Local Government and Environment Minister Dean Peart supported the suggestion, noting that there was no doubt of the benefit it would provide to SIDS, such as Jamaica, when they are affected by hurricanes such as Ivan.
“That would be a good move,” the minister said when contacted last Thursday.
The UNFCCC workshop, meanwhile, attracted the participation of an estimated 50 participants from SIDS – among them Barbados, the Bahamas, Cuba, Trinidad and Tobago and St Lucia – as well as representatives from a number of first world countries, including Britain, the United States (US) and France.
The need for greater collaboration among SIDS to enhance their ability to adapt to climate change was also among the key issues discussed at the workshop.
“The Caribbean has a good scientific basis, but will benefit from support to continue the assessment with more resources and some support with strengthening the networking among the scientists and technical people from the islands. They need to increase the collaboration, of course with the contribution of the north,” noted Acosta.
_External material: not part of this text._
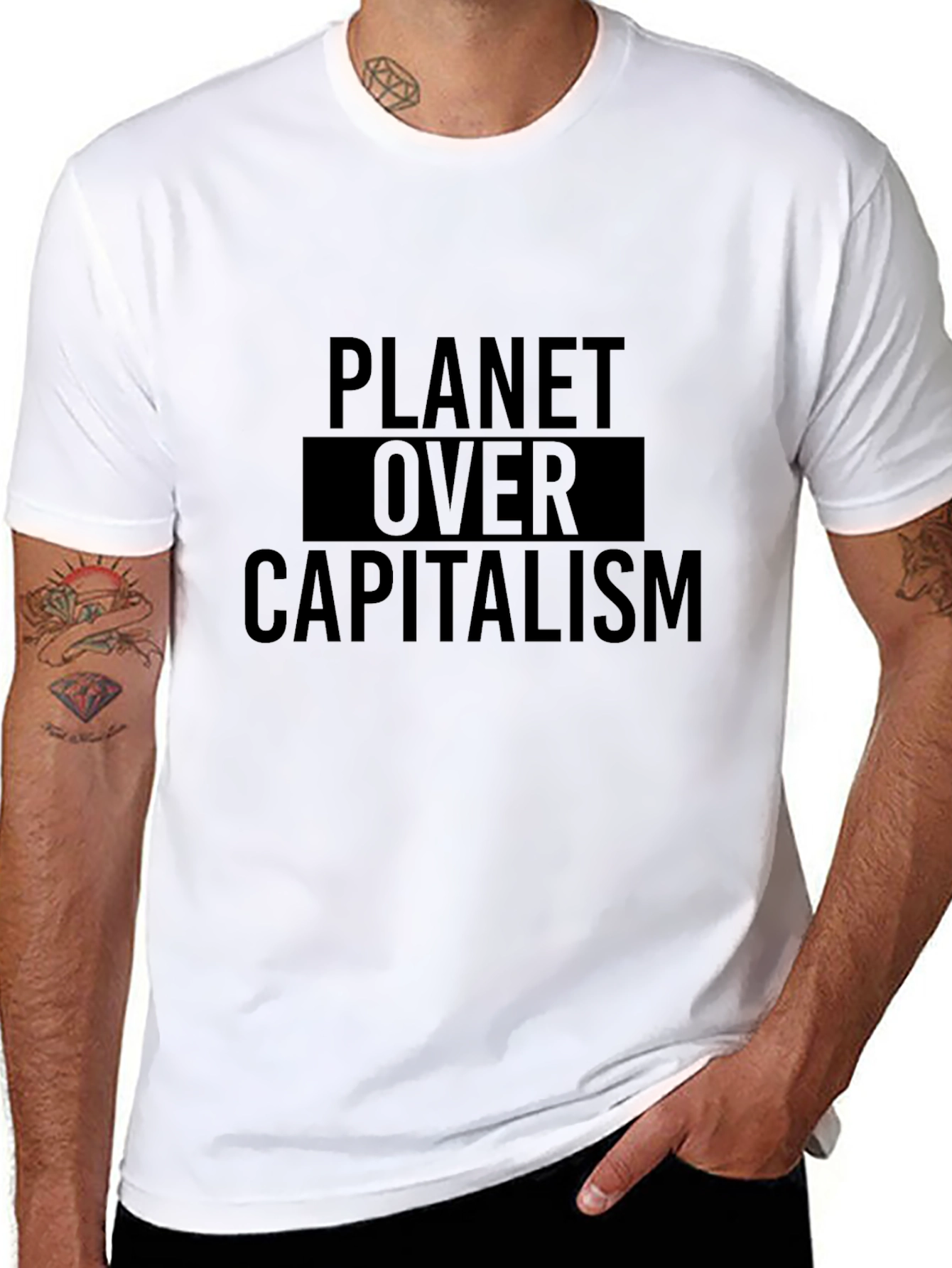 Planet Over Capitalism Graphic T-Shirt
Also identified as important to ensuring the ability of SIDS to treat with climate change is to have adaptation measures forming part of their respective national development plans and policies.
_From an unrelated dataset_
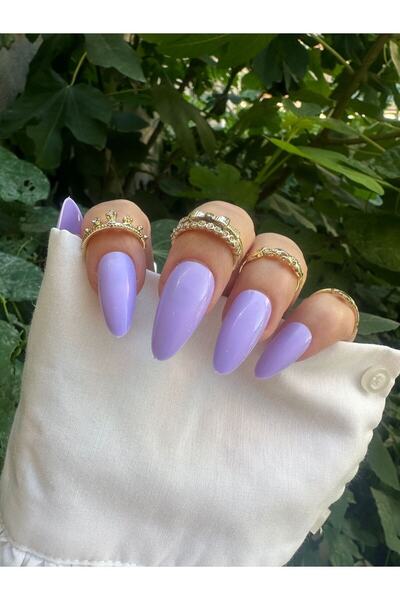 SYBELLE KOZMETİK 24 ADET ALMOND TAKMA TIRNAK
“Actions taken to avoid the negative impacts of climate change (should) be integrated in the national development plan and not isolated because it will not have the same effectiveness,” said Acosta.
He added that the workshop was very timely, having regard to the recently concluded meeting of the intergovernmental panel on climate change (IPCC), which discussed the science of climate change.
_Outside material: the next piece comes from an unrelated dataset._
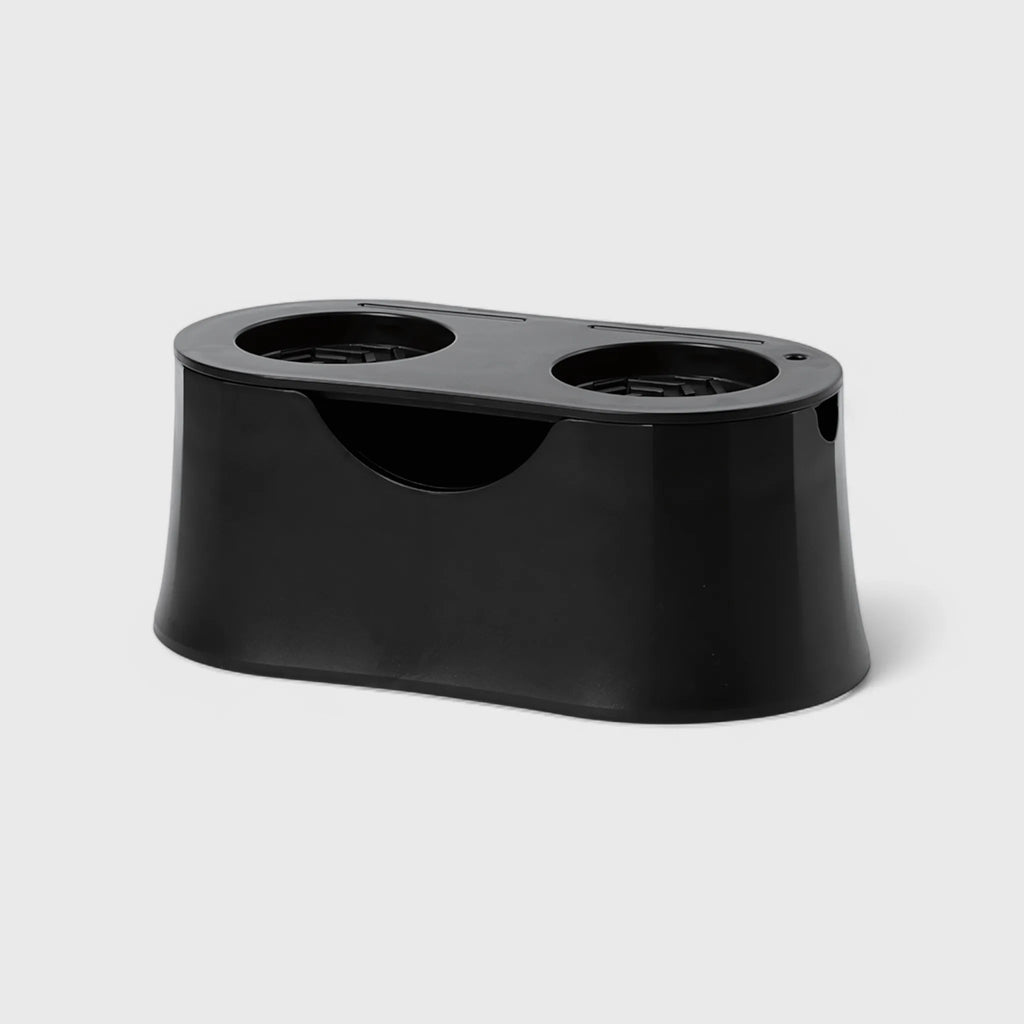 Compact Espresso Tamping Station with Knock Box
“It was demonstrated that global warming was the consequence of human activity and there were good forecasts of the very adverse impacts from global warming,” the UNFCC representative said.
The IPCC, subsequent to its meeting, released a report indicating that the world faced an average rise in temperature of three degrees Celsius this century if greenhouse gas emissions, including carbon dioxide and methane, continue to rise at their current pace and are allowed to double from their pre-industrial level, according to information from the UNFCCC’s website.
The report noted further that the warming over the last century was 0.74 degrees Celsius, with most of it occurring during the past 50 years. Warming for the next 20 years, meanwhile, is expected to be 0.2 degrees Celsius.
Against this background, executive secretary of the UNFCCC, Yvo de Boer, has called for immediate action to limit the negative effects of climate change. Those effects include, among other things, rising sea levels and the potential for the extensive loss of life and property in countries, especially SIDS, that are affected by the increasingly perilous changes in the weather.
“It is politically significant that all the governments have agreed to the conclusions of the scientists, making this assessment a solid foundation for sound decision making,” de Boer said in a release to the media that is posted on the UNFCCC’s website.
“The world urgently needs new international agreement on stronger emission caps for industrialised countries, incentives for developing countries to limit their emissions, and support for robust adaptation measures,” he added.
It is with this end in mind that the UNFCCC hosted the workshop in Jamaica this week, with a view to take on board the issues of SIDS as they seek to adapt to climate change and the challenges it presents.
“One issue is clear: the climate is changing and apparently it is a consequence of human intervention. Therefore, it is important that countries take measures to adapt to climate change. At the same time, countries that are the cause of this problem should take more drastic measures to reduce emissions,” Acosta said.
“This is why we have the meeting here in Jamaica with all the small islands developing states of the Caribbean to discuss what can be done in order to improve the capacity of this country (and others and to find out) what issues should provide the signs to policy makers to be more active in facing the negative impacts of climate change,” he added.
A second workshop is to be held in the Cook Islands with the developing states of the pacific islands in another few weeks. The workshops come ahead of the next UNFCCC talks and negotiations to be held in May in Bonn, Germany, which succeed the December climate change conference.